Menafsirkan Masa Lalu

Judul Buku: (Bukan) Salah Waktu
Penulis: Nastiti Denny
Penyunting: Fitria Sis Nariswari
Perancang Sampul: Citra Yoona
Penerbit: Pustaka Populer Bentang
Cetakan: Pertama, Desember 2013
Tebal Buku: viii + 248 halaman
ISBN: 978-602-7888-94-4

bsw
Berhenti dari pekerjaan mapan ternyata menjadi keputusan yang ambivalens bagi Sekar. Di satu sisi, ia menyambutnya dengan penuh semangat karena ia bakal memanjakan Prabu suaminya. Namun di sisi lain, ia justru menuju pintu masa lalu yang menguak misteri Prabu dan dirinya.

Saat ia mulai lihai memasak dan mumpuni mengatur rumah, hidupnya terusik oleh Laras, wanita yang diduga mengisi hati Prabu. Sambil menyimpan rahasia dari Prabu, muncullah Bram—lelaki yang entah membawa embun penyejuk atau obor perusak rumah tangganya. Pencarian sosok Laras hingga ke Bogor semakin meremukkan hati Sekar, apalagi ketika muncul anak bernama Wira.

Rumah tangga urban
(Bukan) Salah Waktu karya Nastiti Denny memotret masyarakat urban dengan problem khas rumah tangga modern: hubungan domestik antara istri dan suami di mana Sekar memiliki posisi penting dalam pekerjaannya sebelum akhirnya mengundurkan diri. Sekar menyadari bahwa keterlibatan sosial (dengan bekerja) memang menjanjikan peluang besar mobilitas sosial, yakni meraih status strategis, namun sebagai wanita karier, ia dituntut menyeimbangkan tugas kantor dan tanggung jawab rumah tangga tradisional.

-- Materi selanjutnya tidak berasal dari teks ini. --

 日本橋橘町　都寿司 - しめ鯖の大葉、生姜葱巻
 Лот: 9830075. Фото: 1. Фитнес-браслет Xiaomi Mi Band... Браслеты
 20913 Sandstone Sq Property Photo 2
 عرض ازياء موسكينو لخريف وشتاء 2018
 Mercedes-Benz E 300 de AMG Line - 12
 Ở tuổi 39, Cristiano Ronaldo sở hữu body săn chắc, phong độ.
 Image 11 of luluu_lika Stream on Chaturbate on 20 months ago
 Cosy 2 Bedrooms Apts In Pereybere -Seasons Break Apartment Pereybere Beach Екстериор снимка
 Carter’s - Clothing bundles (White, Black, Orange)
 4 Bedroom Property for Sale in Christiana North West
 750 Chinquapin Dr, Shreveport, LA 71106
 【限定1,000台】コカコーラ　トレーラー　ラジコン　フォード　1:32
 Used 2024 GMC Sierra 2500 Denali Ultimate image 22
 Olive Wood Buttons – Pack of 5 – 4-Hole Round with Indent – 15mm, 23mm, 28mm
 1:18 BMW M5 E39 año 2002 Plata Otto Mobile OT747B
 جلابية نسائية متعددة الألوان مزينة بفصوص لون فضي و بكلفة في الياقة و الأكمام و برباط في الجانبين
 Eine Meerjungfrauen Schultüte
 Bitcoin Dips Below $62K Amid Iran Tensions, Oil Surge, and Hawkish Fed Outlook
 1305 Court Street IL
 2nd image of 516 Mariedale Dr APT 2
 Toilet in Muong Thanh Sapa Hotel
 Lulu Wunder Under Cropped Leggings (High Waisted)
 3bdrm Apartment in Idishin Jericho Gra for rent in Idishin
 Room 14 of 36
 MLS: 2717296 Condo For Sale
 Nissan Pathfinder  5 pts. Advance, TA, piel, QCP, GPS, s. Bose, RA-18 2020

Kesadaran itu mendorongnya untuk menyalakan suluh komunikasi yang meredup meski itu berarti mendamaikan masa lalunya yang tumbuh dalam keluarga broken home dan tabir rahasia Prabu yang menyiksa. Baik Prabu maupun Sekar berada dalam lingkaran teka-teki, melangkah ibarat pendulum misteri, tarik-ulur antara cinta dan benci, saling gelisah antara bergantung dan mandiri.

Menafsirkan masa lalu
Nastiti tidak menempatkan Sekar dan Prabu dalam dikotomi hitam-putih, benar-salah, atau tercela-terpuji. Keduanya berangkat dari masa silam yang berbeda, lalu bersatu dalam ikatan kerinduan tanpa rekayasa. Selalu ada penjelasan bagi peristiwa lampau yang menyakitkan. Mereka tidak berusaha membenarkan kesalahan, tidak pula mengabaikan kebaikan pasangan.

Sekar paham bahwa cara pandang kita terhadap masa lalulah yang menentukan kedamaian masa kini dan memproyeksikan masa depan. Seperti kalimat yang diucapkan Sekar pada hal.143:

“Sekar nggak marah sama Mama. …nggak benci Mama. Sekar hanya belum mengerti bagaimana mengatasi rasa takut yang sering datang …. Maafkan, Sekar, Ma.”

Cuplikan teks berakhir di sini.